In recent decades, mobile communications have completely transformed the way that human beings communicate and interact with one another. New technology generations introduced on average every ten years have consistently and fundamentally improved the overall user experience, paving the way for innovation beyond anyone’s wildest imagination. While the success and progress with wireless technologies can be attributed to a wide range of factors, the International Mobile Telecommunications (IMT) standards set by the International Telecommunication Union (ITU) have been an important fabric tying together various mobile broadband systems, coalescing the industry and ecosystem under a common set of platforms.
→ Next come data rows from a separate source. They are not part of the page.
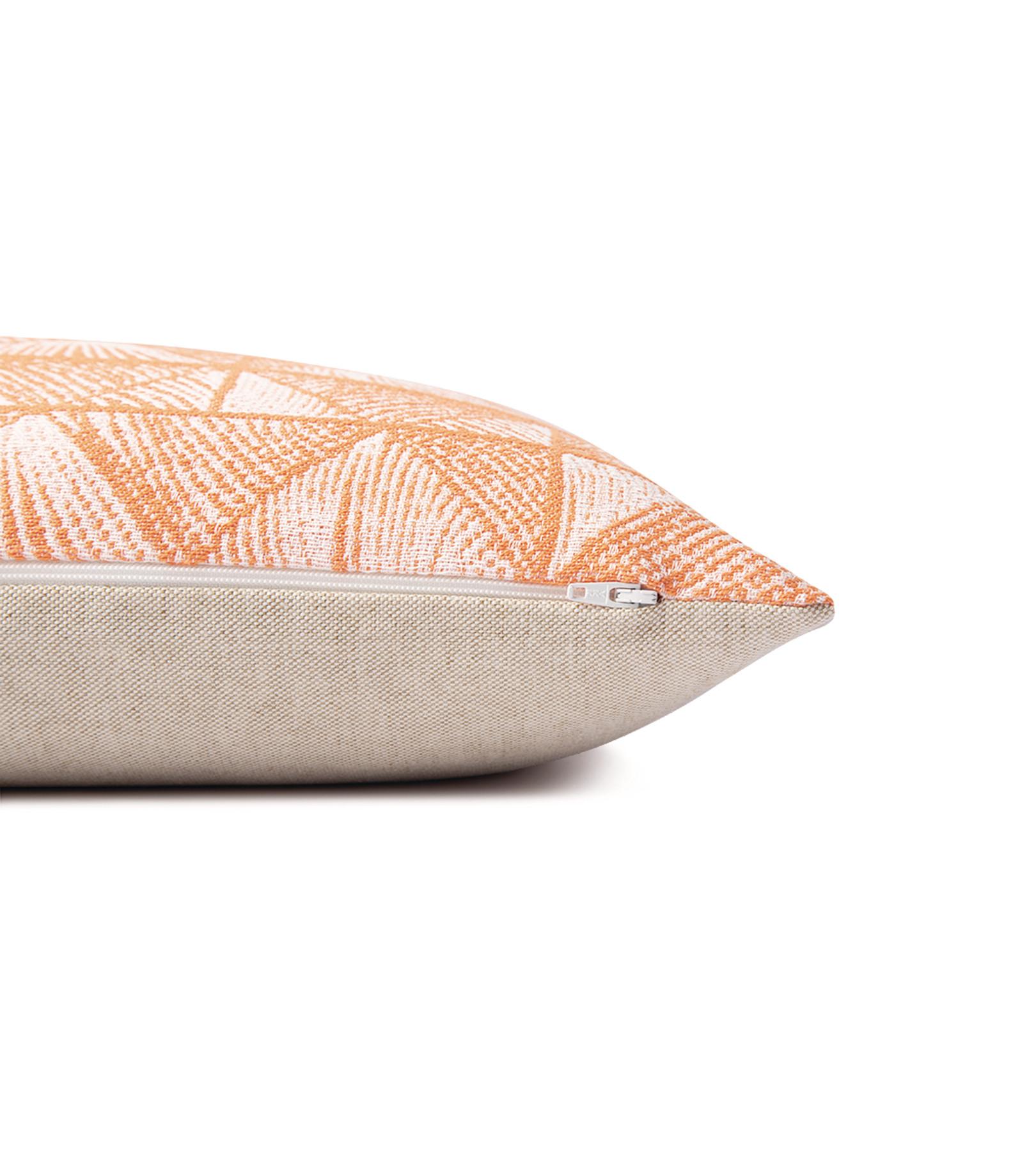 TOM TAILOR Squared Triangle Kissenbezug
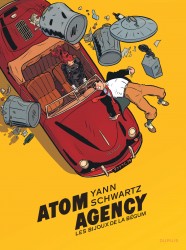 Atom Agency – Tome 1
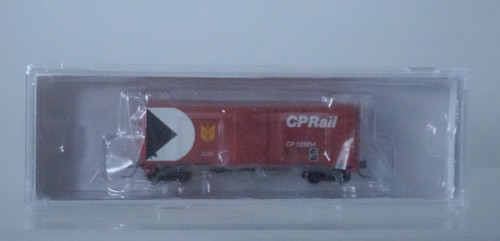 Vagón de tren InterMountain CP RAIL MULTIMARK 123654 escala N - 66822-04 | Condition: Used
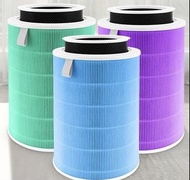 原裝小米2 / 3代2S  / pro 用 全新過濾空氣清新機濾芯 三種功效不同顏色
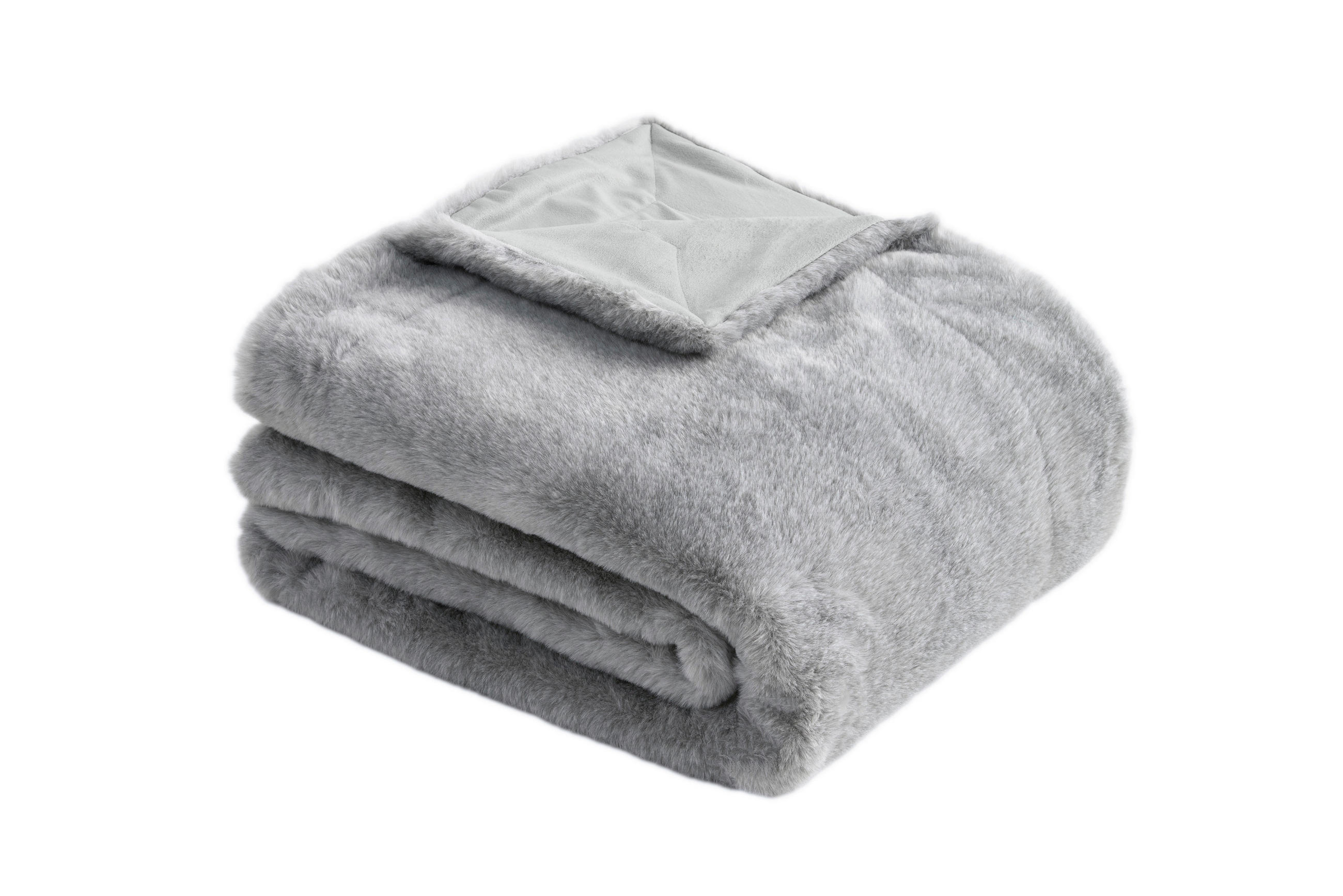 DEKA 150/200 cm  BUGATTI  - siva, Basics, tekstil (150/200cm) - Bugatti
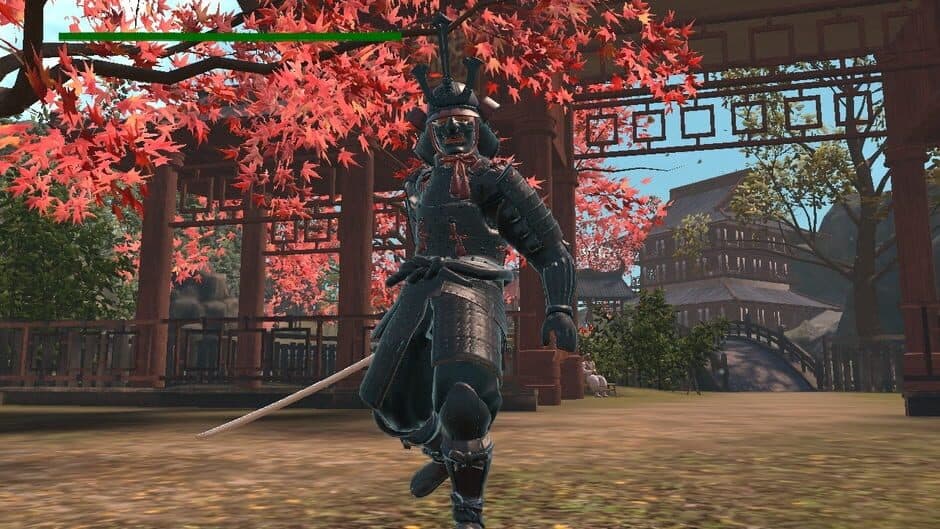 Samurai: Japan Warrior Fighter screenshot 3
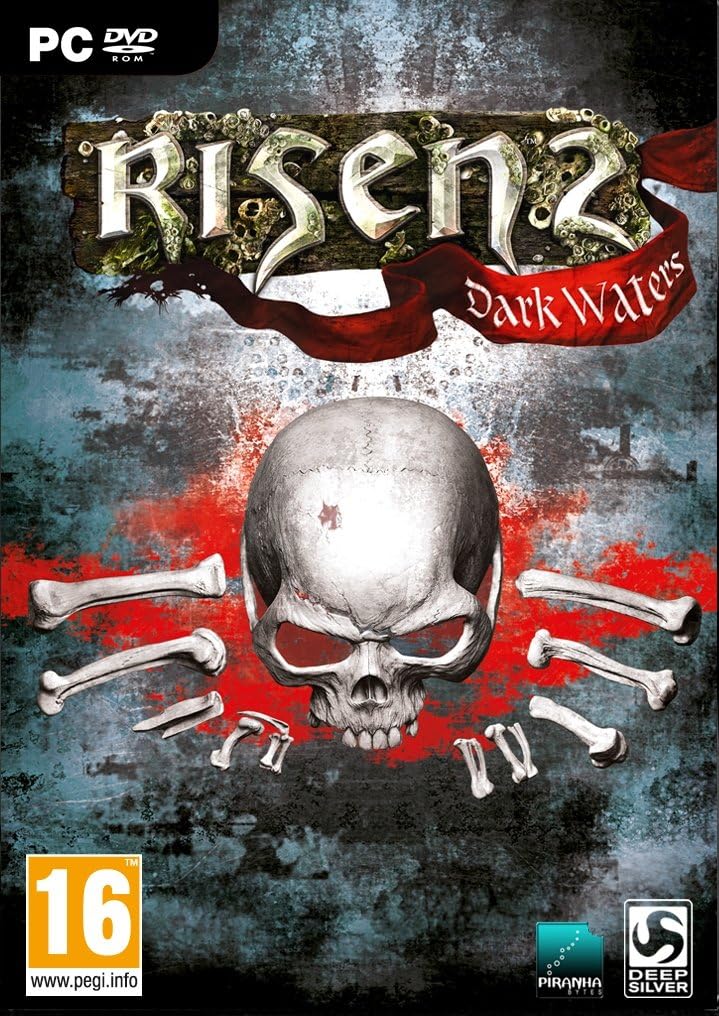 Risen 2 Dark Waters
In each generation, unified IMT technology has enabled global harmonization and wide industry support resulting in worldwide compatibility, international roaming, and economies of scale.

The Role of ITU-R

ITU is the United Nations specialized agency for information and communication technologies (ICTs), fostering innovation among 193 member states. For more than 150 years, ITU has been coordinating the radio spectrum, establishing standards that foster connectivity globally across multiple technology systems. And for the past 30 years, the ITU Radiocommunication sector (ITU-R) has been coordinating efforts with governments and industries to develop unified global broadband multimedia international mobile telecommunications systems, also known as IMT.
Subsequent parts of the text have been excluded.